Donc traître et renégat pour refuser de dire "jamais je ne ferai rien avec tel ou tel", je m'en accommode en me disant que je ne suis pas en mauvaise compagnie avec d'autres traîtres comme Lénine, Thorez, Trosky, Mandela et Arafat... pour n'en citer que quelques uns.

 

28 mars

Poésie américaine. Des États Unis d'Amérique, j'aime beaucoup les poètes. Et fatigué ce jour des ardentes querelles, je vais me reposer dans l'univers un peu sulfureux de Charles Bukowski.

"J'ai plus d'allumettes.

les ressorts de mon lit

sont cassés.

ils ont volé ma peinture à l'huile

celle avec les deux yeux roses.

ma voiture est pétée.

des anguilles glissent sur les murs de ma

salle de bain.

mon amour est brisé.

mais la bourse est à la hausse

aujourd'hui."

 

29 mars

Théorie de la relativité. Petit tour de Bretagne en TGV. La découverte d'un obus de la seconde guerre mondiale en gare de Laval a détourné notre train. Passage par Angers et Nantes, puis Rennes, et enfin Vannes, notre destination. Un petit zig-zag qui m'a donné l'occasion de réfléchir à une des grandes énigmes de mon monde. Je n'ai pas trouvé la réponse mais je vous livre la question qui a distrait ce long voyage.
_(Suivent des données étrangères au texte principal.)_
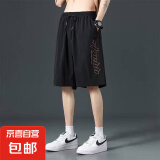 冰丝短裤男士夏季薄款宽松运动大裤衩子夏天速干透气休闲五分中裤 K225（单件装）黑色 XL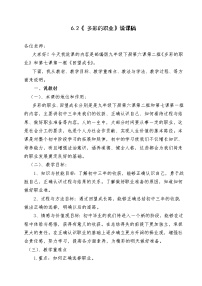 政治 (道德与法治)九年级下册中国担当教学设计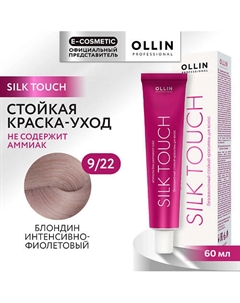 Безаммиачный стойкий краситель для волос SILK TOUCH 80 Ollin professional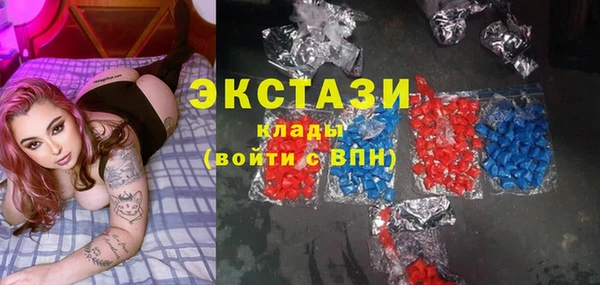 дмт Покровск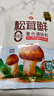莲花松茸鲜50g袋装【零添加 减钠50%】凑单蘑菇提鲜代替鸡精味精调料 实拍图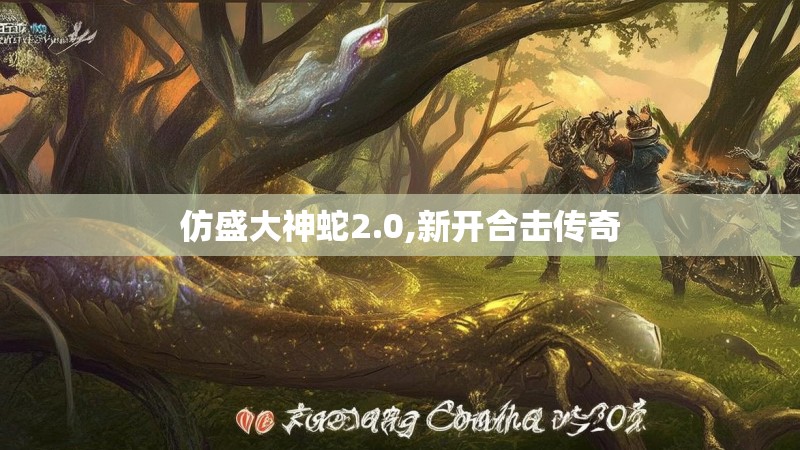 仿盛大神蛇2.0,新开合击传奇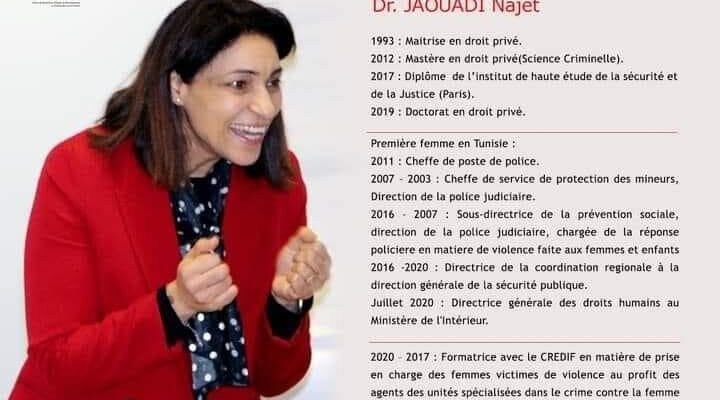 Najet Jaouadi, première femme directrice générale de la Douane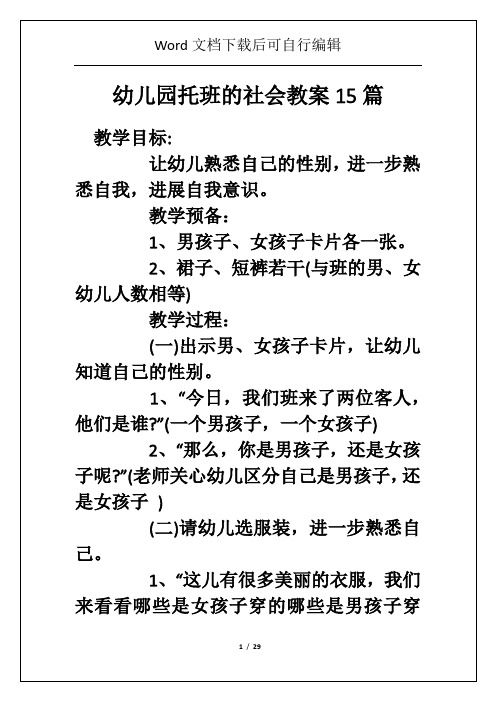 幼儿园托班的社会教案15篇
La mouche qui vole dans le sens de la marche à l'intérieur d'un TGV à pleine vitesse, vole-t-elle plus vite que celle qui emprunte un car Macron ? Et quel est leur bilan carbone respectif ?

 

30 mars

Succès de gauche. Une des façons de perdre les guerres est de ne pas fêter les victoires. Ce soir, je fête ce revers cuisant infligé à Hollande et Valls. Avec Cambadélis, ils accusent la droite mais ça ne trompe personne. C'est à gauche qu'on ne s'est pas laissé faire. C'est à gauche qu'on a empêché ces trahisons des valeurs. Alors fêtons et n'ayons pas le succès modeste parce qu'il ouvre la porte à d'autres victoires. La loi travail ne passera pas !

 

31 mars

Maîtres pour de vrai. C'est plus qu'une immense colère qui s'est exprimée ce jour sur les pavés, du nord au sud du pays. C'est une grande soif.

Devant quoi il n'y a qu'un devoir. Aider à l'expression ordonnée des exigences. De toutes natures, sociales et politiques.

Ne pas confisquer ce mouvement, lui donner les clés de toutes les échéances. Candidatures comprises.